**** Records to use ****
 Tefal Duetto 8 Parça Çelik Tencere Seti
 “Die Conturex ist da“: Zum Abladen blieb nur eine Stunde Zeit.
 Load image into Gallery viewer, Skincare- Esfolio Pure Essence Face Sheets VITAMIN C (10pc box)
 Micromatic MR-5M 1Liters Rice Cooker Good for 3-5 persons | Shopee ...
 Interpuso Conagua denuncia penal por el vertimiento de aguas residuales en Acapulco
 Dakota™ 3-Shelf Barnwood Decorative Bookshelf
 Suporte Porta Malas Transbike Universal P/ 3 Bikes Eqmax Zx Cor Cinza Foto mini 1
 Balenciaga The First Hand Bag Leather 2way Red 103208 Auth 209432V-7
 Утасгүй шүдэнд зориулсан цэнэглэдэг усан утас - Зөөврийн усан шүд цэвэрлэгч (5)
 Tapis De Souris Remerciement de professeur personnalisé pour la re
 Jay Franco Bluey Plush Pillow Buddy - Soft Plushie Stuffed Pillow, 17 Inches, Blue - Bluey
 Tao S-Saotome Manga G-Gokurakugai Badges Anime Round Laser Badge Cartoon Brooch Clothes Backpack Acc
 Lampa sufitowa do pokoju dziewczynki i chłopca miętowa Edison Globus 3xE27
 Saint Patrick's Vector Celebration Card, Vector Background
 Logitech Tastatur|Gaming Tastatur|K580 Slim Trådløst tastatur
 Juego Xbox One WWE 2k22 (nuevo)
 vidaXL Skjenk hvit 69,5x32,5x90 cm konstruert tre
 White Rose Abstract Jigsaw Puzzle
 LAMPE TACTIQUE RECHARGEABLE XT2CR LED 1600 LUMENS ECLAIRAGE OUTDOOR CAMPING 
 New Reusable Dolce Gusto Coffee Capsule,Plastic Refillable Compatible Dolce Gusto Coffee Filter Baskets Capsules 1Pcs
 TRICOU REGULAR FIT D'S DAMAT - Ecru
****
→ What to produce
The final stretch of the listing, from the line containing "Balenciaga The First" through its last line, both included, is to be output exactly and by itself.

→ Final answer
 Balenciaga The First Hand Bag Leather 2way Red 103208 Auth 209432V-7
 Утасгүй шүдэнд зориулсан цэнэглэдэг усан утас - Зөөврийн усан шүд цэвэрлэгч (5)
 Tapis De Souris Remerciement de professeur personnalisé pour la re
 Jay Franco Bluey Plush Pillow Buddy - Soft Plushie Stuffed Pillow, 17 Inches, Blue - Bluey
 Tao S-Saotome Manga G-Gokurakugai Badges Anime Round Laser Badge Cartoon Brooch Clothes Backpack Acc
 Lampa sufitowa do pokoju dziewczynki i chłopca miętowa Edison Globus 3xE27
 Saint Patrick's Vector Celebration Card, Vector Background
 Logitech Tastatur|Gaming Tastatur|K580 Slim Trådløst tastatur
 Juego Xbox One WWE 2k22 (nuevo)
 vidaXL Skjenk hvit 69,5x32,5x90 cm konstruert tre
 White Rose Abstract Jigsaw Puzzle
 LAMPE TACTIQUE RECHARGEABLE XT2CR LED 1600 LUMENS ECLAIRAGE OUTDOOR CAMPING 
 New Reusable Dolce Gusto Coffee Capsule,Plastic Refillable Compatible Dolce Gusto Coffee Filter Baskets Capsules 1Pcs
 TRICOU REGULAR FIT D'S DAMAT - Ecru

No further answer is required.